## Problem to solve
Transcribe all of the data exactly. Omit the pictures.

## Extracted information
== Segment start ==

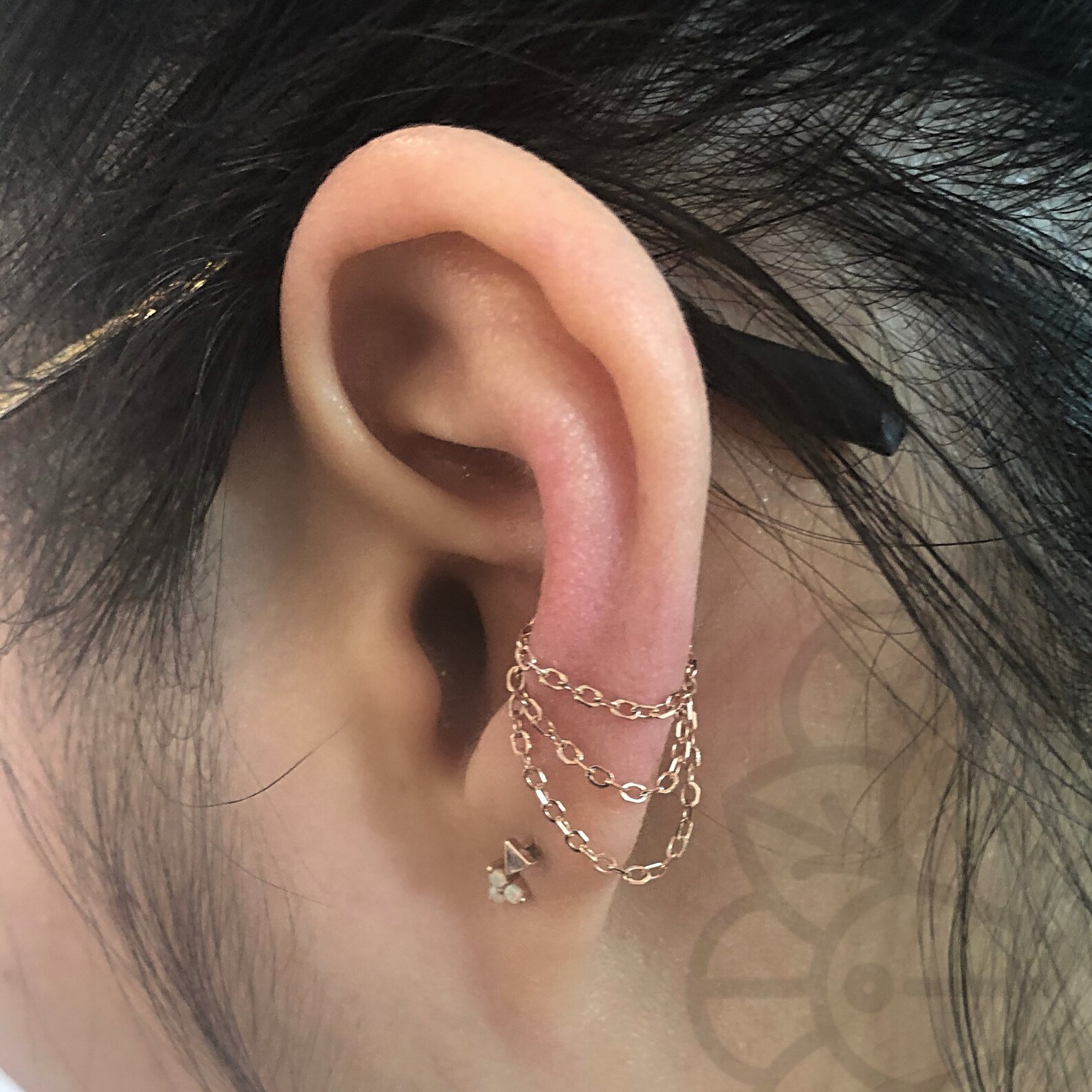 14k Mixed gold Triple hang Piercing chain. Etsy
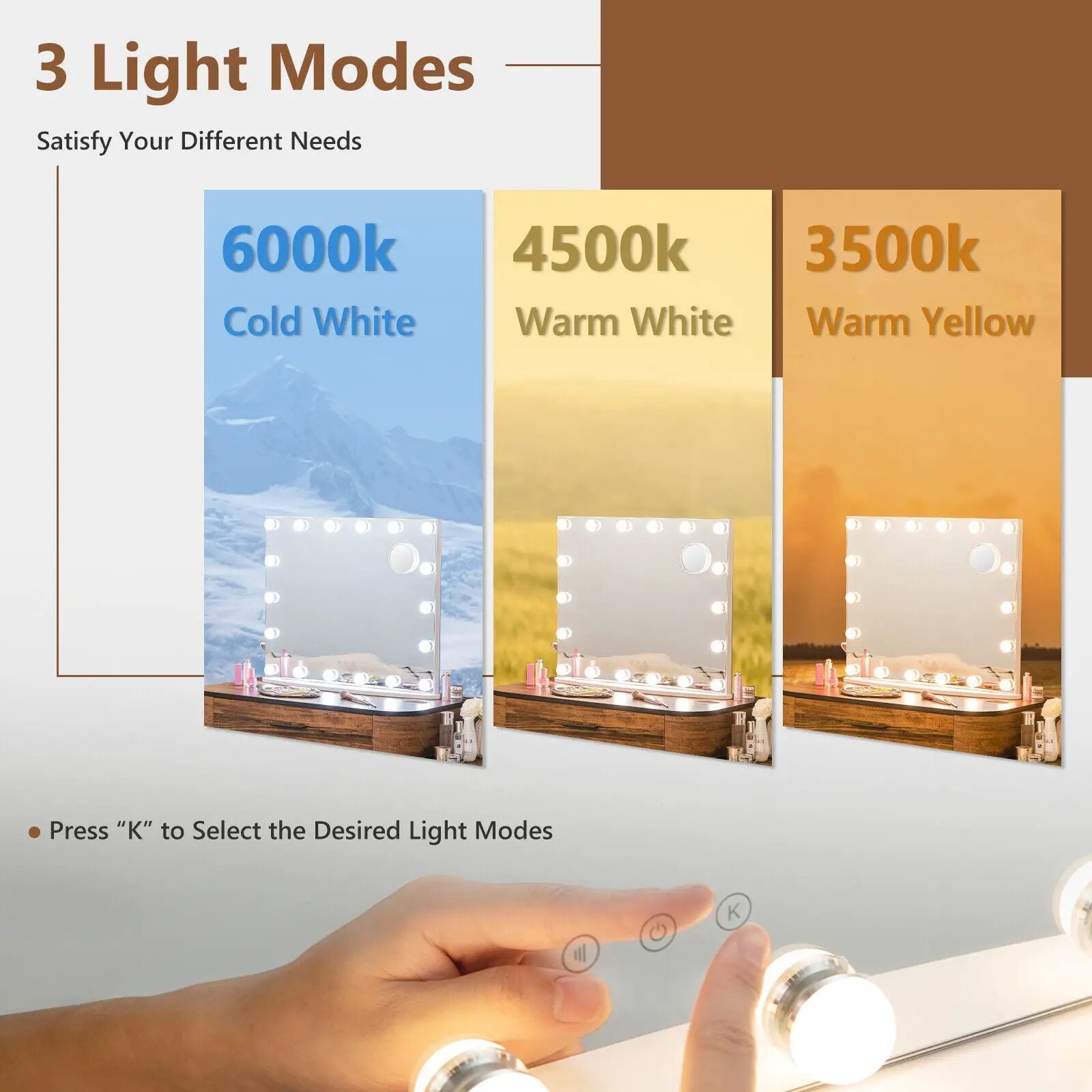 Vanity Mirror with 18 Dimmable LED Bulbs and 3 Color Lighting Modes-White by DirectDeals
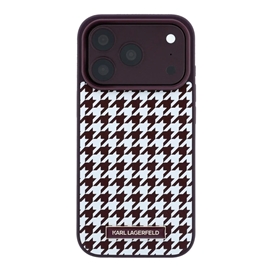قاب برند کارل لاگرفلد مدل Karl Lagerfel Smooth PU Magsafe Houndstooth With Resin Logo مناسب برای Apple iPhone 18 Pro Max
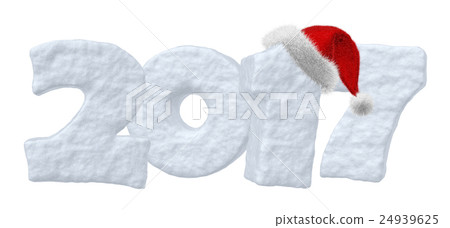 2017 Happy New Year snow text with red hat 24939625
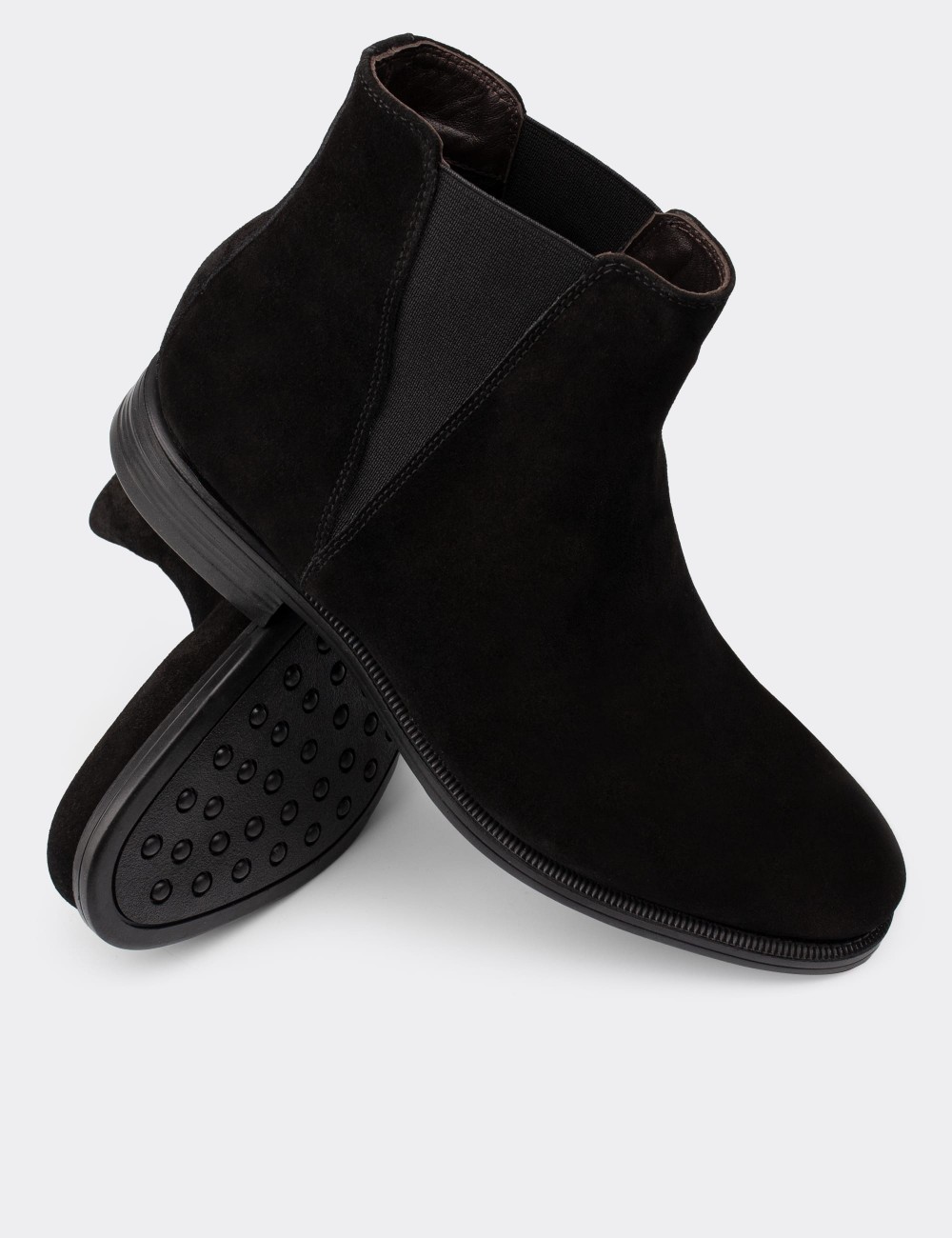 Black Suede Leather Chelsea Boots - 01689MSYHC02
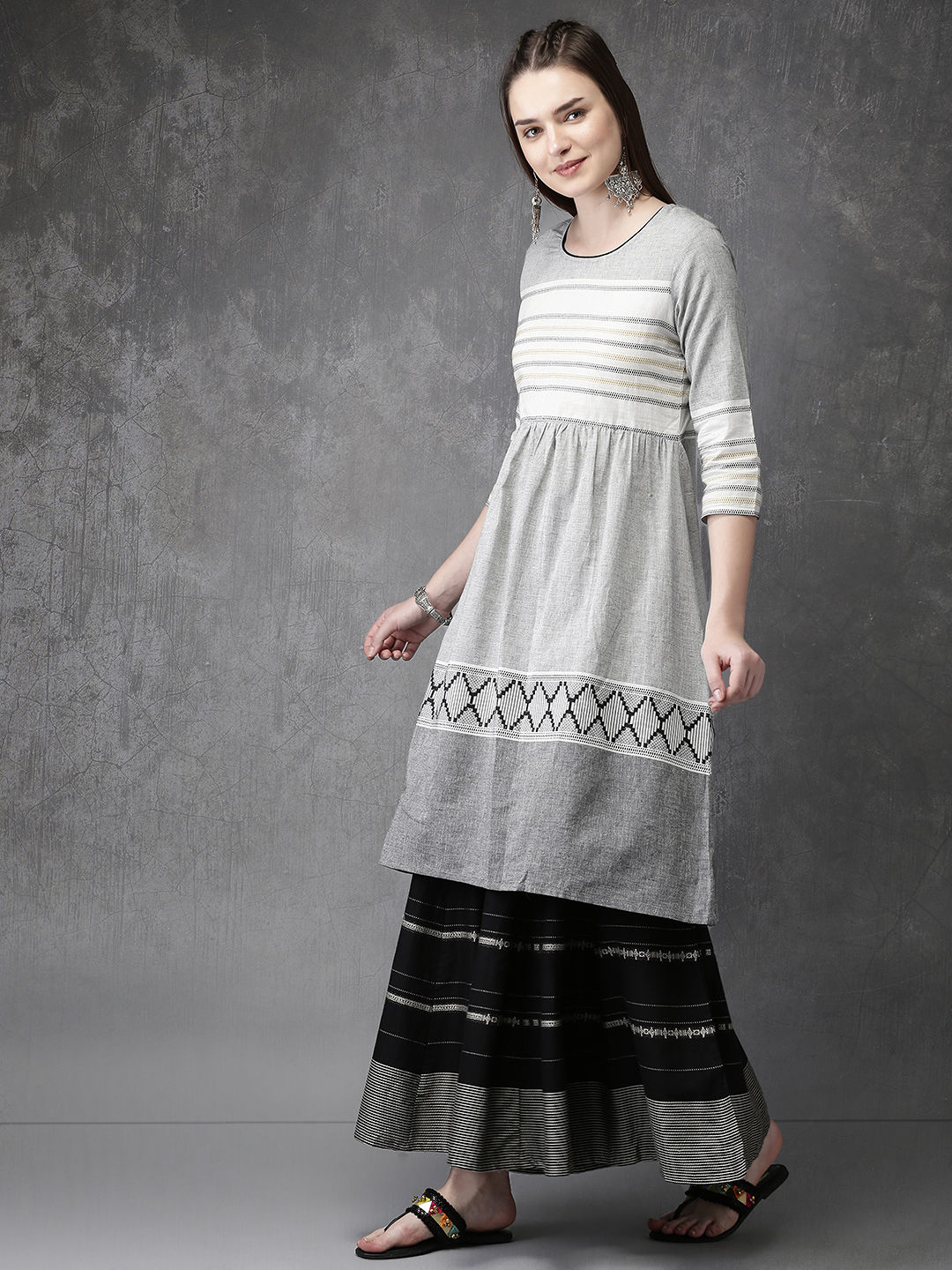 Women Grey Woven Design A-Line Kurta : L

== Segment end ==

## Written answer
 14k Mixed gold Triple hang Piercing chain. Etsy
 Vanity Mirror with 18 Dimmable LED Bulbs and 3 Color Lighting Modes-White by DirectDeals
قاب برند کارل لاگرفلد مدل Karl Lagerfel Smooth PU Magsafe Houndstooth With Resin Logo مناسب برای Apple iPhone 18 Pro Max
 2017 Happy New Year snow text with red hat 24939625
 Black Suede Leather Chelsea Boots - 01689MSYHC02
 Women Grey Woven Design A-Line Kurta : L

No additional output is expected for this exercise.